*** SUPPLIED MATERIAL Section Begins ***
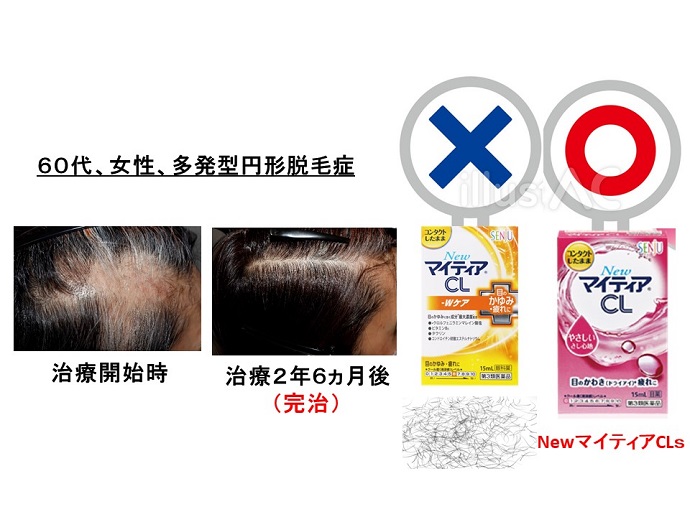 円形脱毛症　病院
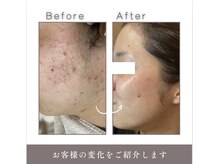 リノリー(rinory)の雰囲気（ワンクール6回の肌育成は根本からアプローチで土台を整えます◎）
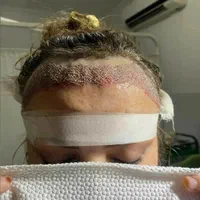 کاشت موی طبیعی|خدمات آرایشگری و زیبایی|اهواز, زیتون کارمندی|دیوار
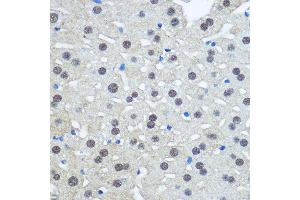 Immunohistochemistry of paraffin-embedded Rat liver using UB antibody (2359) at dilution of 1:100 (40x lens). (UBA1 抗体  (AA 300-600))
*** SUPPLIED MATERIAL Section Ends ***
=== EXERCISE ===
What is needed is an exact repeat of only the lines from the one containing "کاشت موی طبیعی|خدمات" through the last line of the listing above, both ends included, without the pictures.

=== PROBLEM SOLUTION ===
 کاشت موی طبیعی|خدمات آرایشگری و زیبایی|اهواز, زیتون کارمندی|دیوار
 Immunohistochemistry of paraffin-embedded Rat liver using UB antibody (2359) at dilution of 1:100 (40x lens). (UBA1 抗体  (AA 300-600))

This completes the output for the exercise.